The struggling U.K. used car company on Thursday (March 30) announced full-year earnings that showed it took a 704 million pound loss ($872 million), a 30% increase from last year and the latest sign of the struggle facing the used car sector.
The loss was partly driven by “discontinued operations,” Cazoo said in a news release. Recent months have seen the company shift its focus to its home country, which meant selling its subscription business in Germany and abandoning plans to expand into Spain and Italy.
“During the year we made a number of important strategic decisions to change gear from fast-paced growth to focus on improving our unit economics in the near term,” founder and CEO Alex Chesterman said in the release.
He added that he was “very encouraged by the pace of the team’s delivery in rightsizing our headcount and operational footprint which we have now completed in order to drive higher margins going forward.”
Cazoo reported revenue of 1.25 billion pounds ($1.5 billion), a 91% increase from last year, with the number of vehicles sold in the U.K. increasing by 88%. The company said it is on track to reach profitability without needing outside funding until the second half of next year.
Last month, Cazoo sold its German subscription business Cluno, a move that came after the company closed down operations in the rest of Europe.
“Given our target of reaching profitability by the end of next year, we have taken the tough decision to focus solely on the huge UK used car market, worth over £100bn+ annually,” Chesterman said last year.
Chesterman is due to step down as chief executive next month, with Paul Whitehead, Cazoo’s chief operating officer, taking his place.

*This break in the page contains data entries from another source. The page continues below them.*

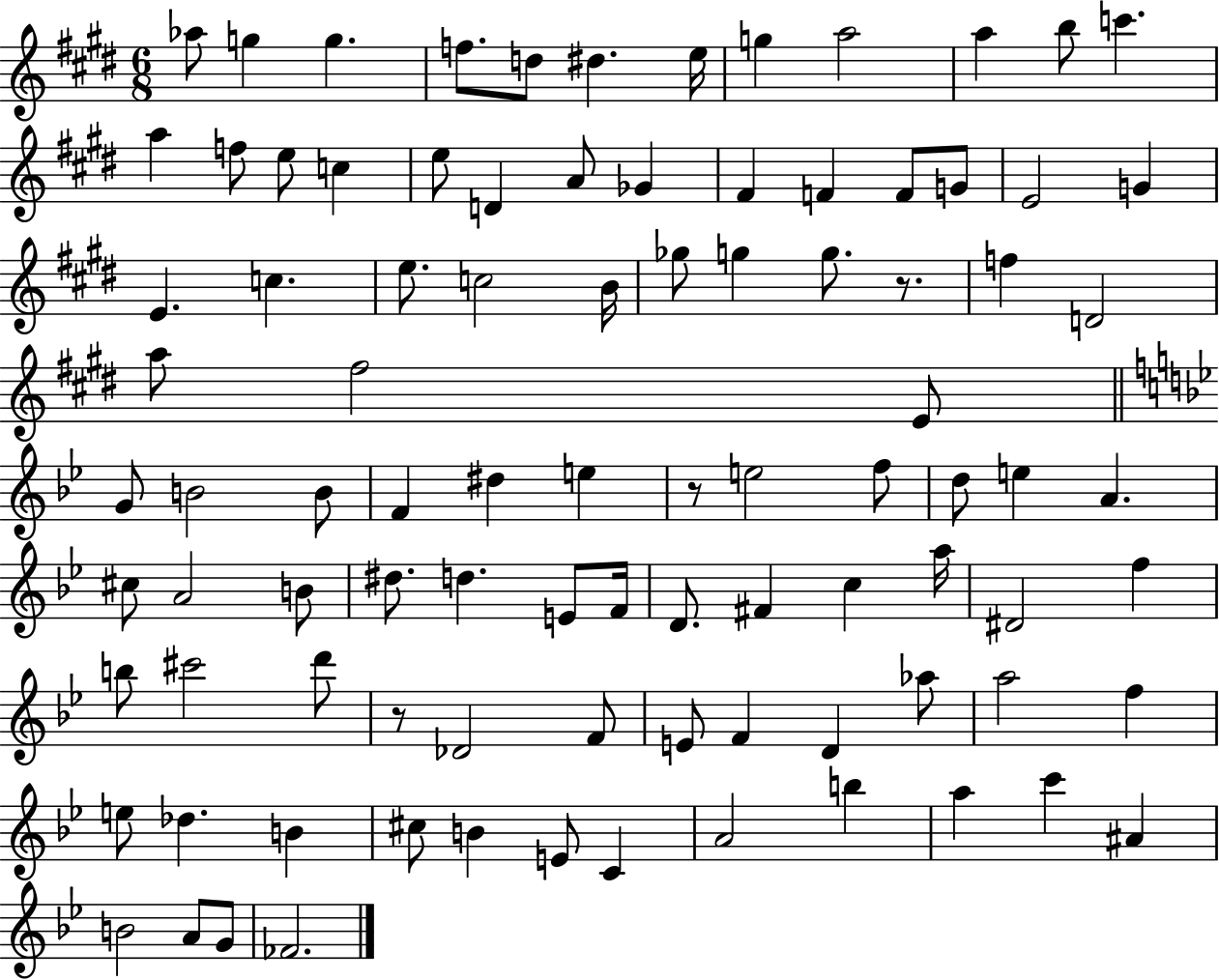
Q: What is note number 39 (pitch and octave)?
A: E4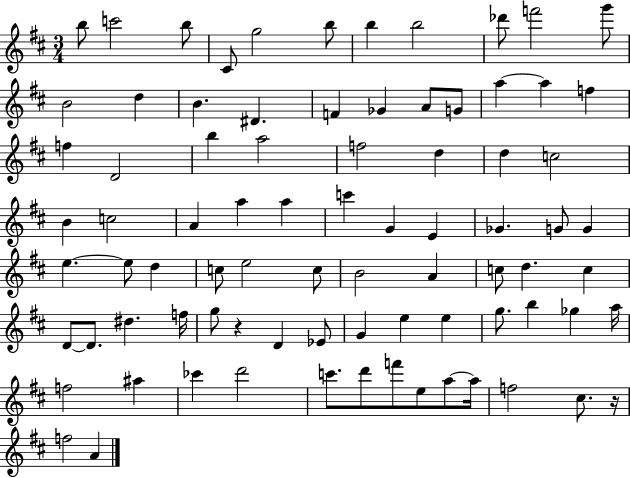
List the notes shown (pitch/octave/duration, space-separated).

B5/e C6/h B5/e C#4/e G5/h B5/e B5/q B5/h Db6/e F6/h G6/e B4/h D5/q B4/q. D#4/q. F4/q Gb4/q A4/e G4/e A5/q A5/q F5/q F5/q D4/h B5/q A5/h F5/h D5/q D5/q C5/h B4/q C5/h A4/q A5/q A5/q C6/q G4/q E4/q Gb4/q. G4/e G4/q E5/q. E5/e D5/q C5/e E5/h C5/e B4/h A4/q C5/e D5/q. C5/q D4/e D4/e. D#5/q. F5/s G5/e R/q D4/q Eb4/e G4/q E5/q E5/q G5/e. B5/q Gb5/q A5/s F5/h A#5/q CES6/q D6/h C6/e. D6/e F6/e E5/e A5/e A5/s F5/h C#5/e. R/s F5/h A4/q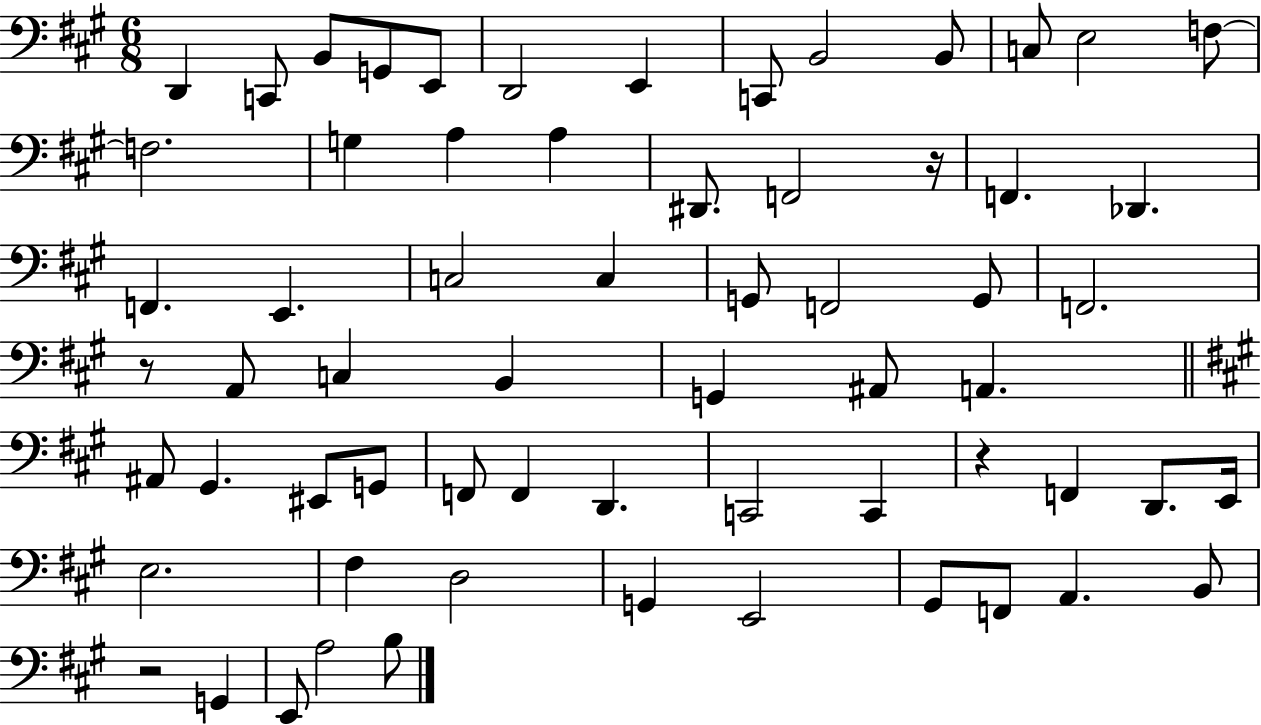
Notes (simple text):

D2/q C2/e B2/e G2/e E2/e D2/h E2/q C2/e B2/h B2/e C3/e E3/h F3/e F3/h. G3/q A3/q A3/q D#2/e. F2/h R/s F2/q. Db2/q. F2/q. E2/q. C3/h C3/q G2/e F2/h G2/e F2/h. R/e A2/e C3/q B2/q G2/q A#2/e A2/q. A#2/e G#2/q. EIS2/e G2/e F2/e F2/q D2/q. C2/h C2/q R/q F2/q D2/e. E2/s E3/h. F#3/q D3/h G2/q E2/h G#2/e F2/e A2/q. B2/e R/h G2/q E2/e A3/h B3/e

The company’s stock is down 96% over the past year, with a market cap of $223 million, a sharp decline from the $7 billion the company enjoyed when it went public.
Cazoo is far from the only used car company struggling these days, as inflation forces consumers to rethink major purchases such as cars.
Carvana — which saw its unit sales and revenue fall more than 20% in the last quarter of 2022 — announced last month it expects declines to continue in its first quarter, if not beyond then.
“We expect our weekly retail unit sales volume to stabilize relative to the declines we saw in the second half of 2022 as the seasonal headwinds we faced at that time transition to seasonal tailwinds,” founder and CEO Ernie Garcia told analysts in February.
He said Carvana plans to cut another $100 million of expenses over the next two quarters, bringing the total reductions to upwards of $1 billion since the beginning of last year.